From the entries below, reproduce exactly the lines from the one with "px发票合同问题/狗小狗动物宠物查看作者其他作品查看更多>小可爱的" through the one with "Pop Art Colorful Lips Canvas Print (Front)", both included, without images.
[[ WORKING DATA, beginning ]]
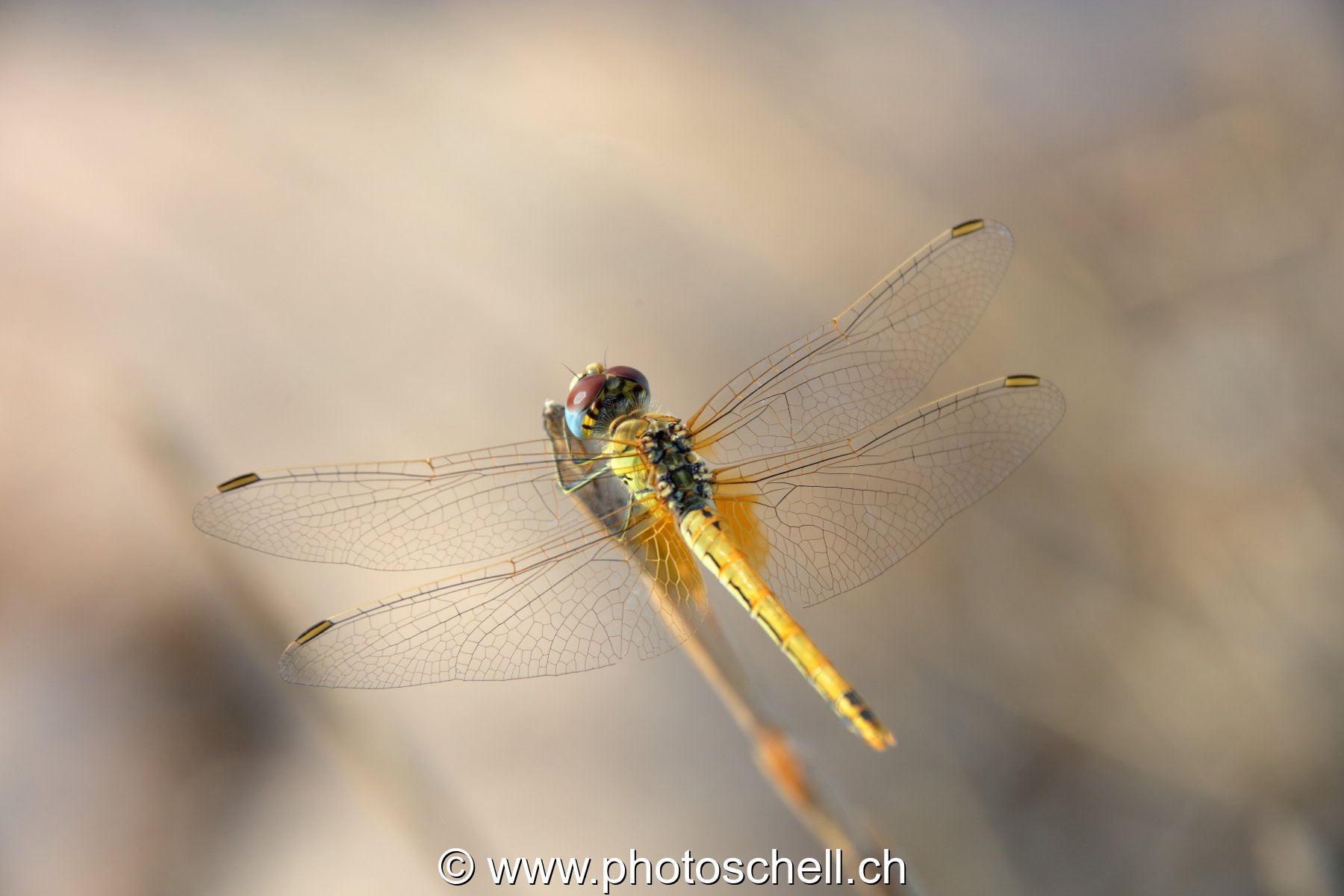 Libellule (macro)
[[ WORKING DATA, end ]]
[[ WORKING DATA, beginning ]]
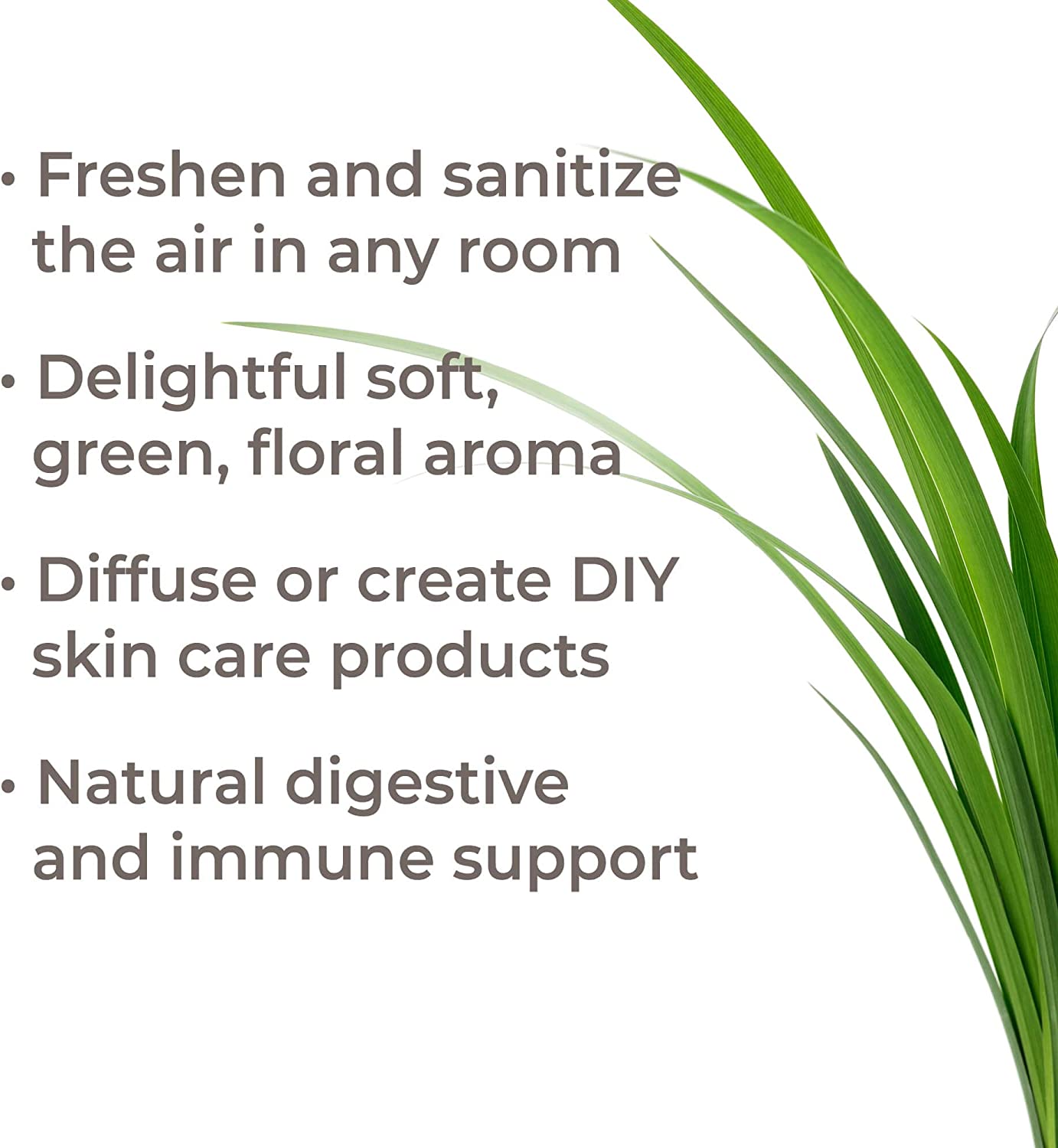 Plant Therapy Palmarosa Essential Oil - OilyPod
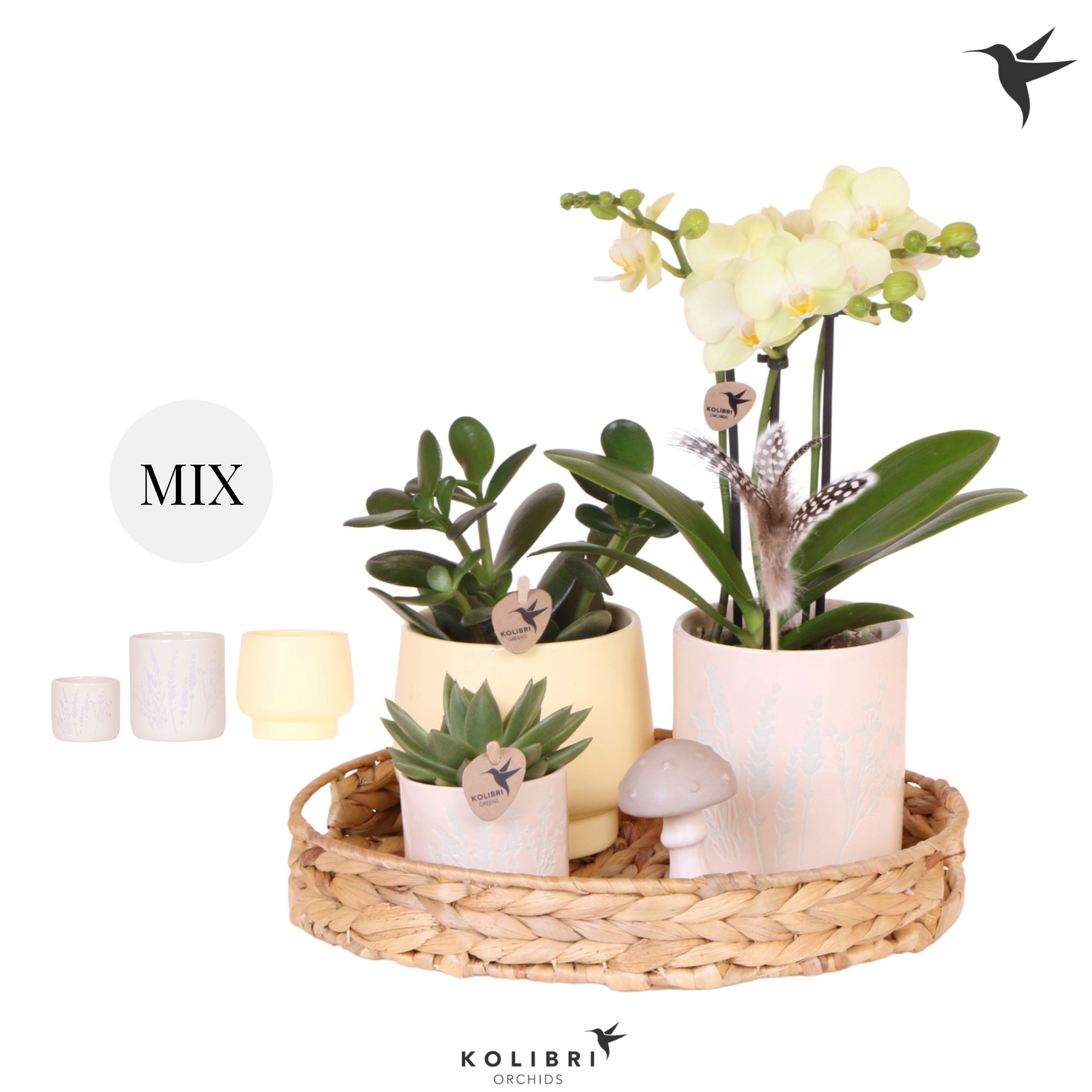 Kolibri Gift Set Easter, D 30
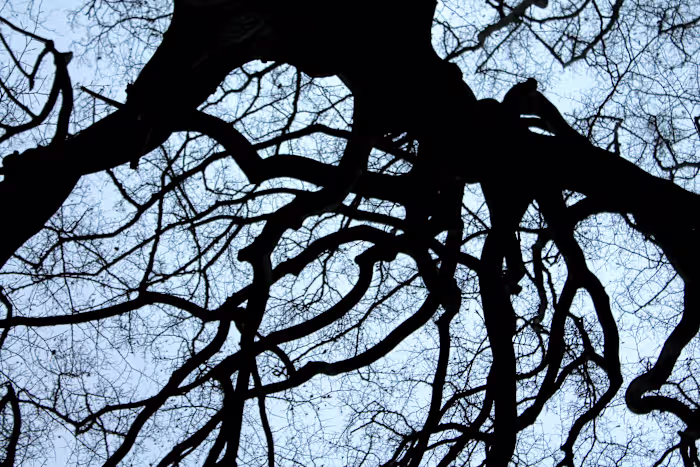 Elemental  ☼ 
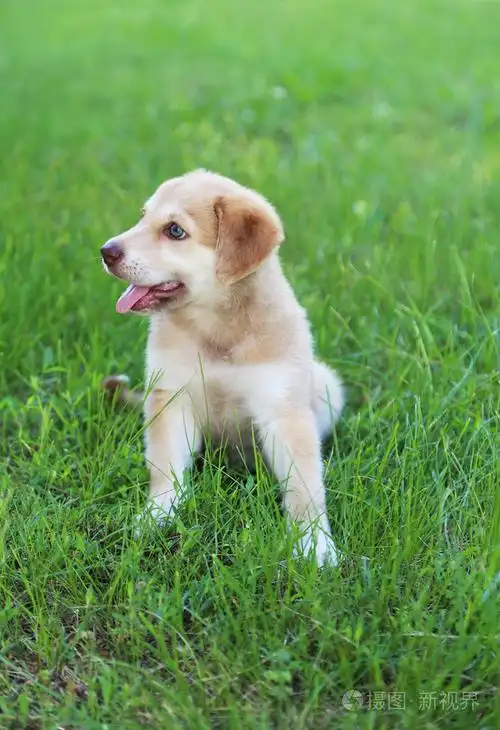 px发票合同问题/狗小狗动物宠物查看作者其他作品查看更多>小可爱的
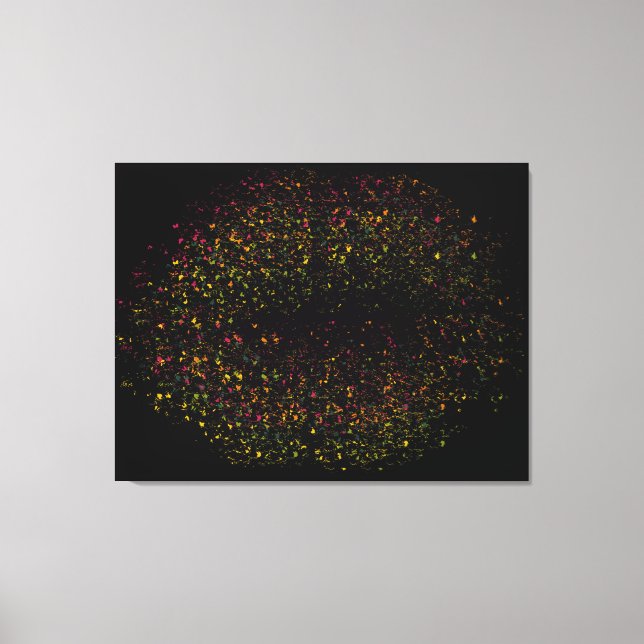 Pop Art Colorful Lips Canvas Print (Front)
[[ WORKING DATA, end ]]
[[ WORKING DATA, beginning ]]
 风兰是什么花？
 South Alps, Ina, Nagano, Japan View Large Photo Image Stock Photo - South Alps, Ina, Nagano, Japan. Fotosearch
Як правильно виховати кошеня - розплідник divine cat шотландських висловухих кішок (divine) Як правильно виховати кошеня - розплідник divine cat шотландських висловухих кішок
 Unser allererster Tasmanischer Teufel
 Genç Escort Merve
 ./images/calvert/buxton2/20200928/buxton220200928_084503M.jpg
[[ WORKING DATA, end ]]
**WRITTEN SOLUTION**
 px发票合同问题/狗小狗动物宠物查看作者其他作品查看更多>小可爱的
 Pop Art Colorful Lips Canvas Print (Front)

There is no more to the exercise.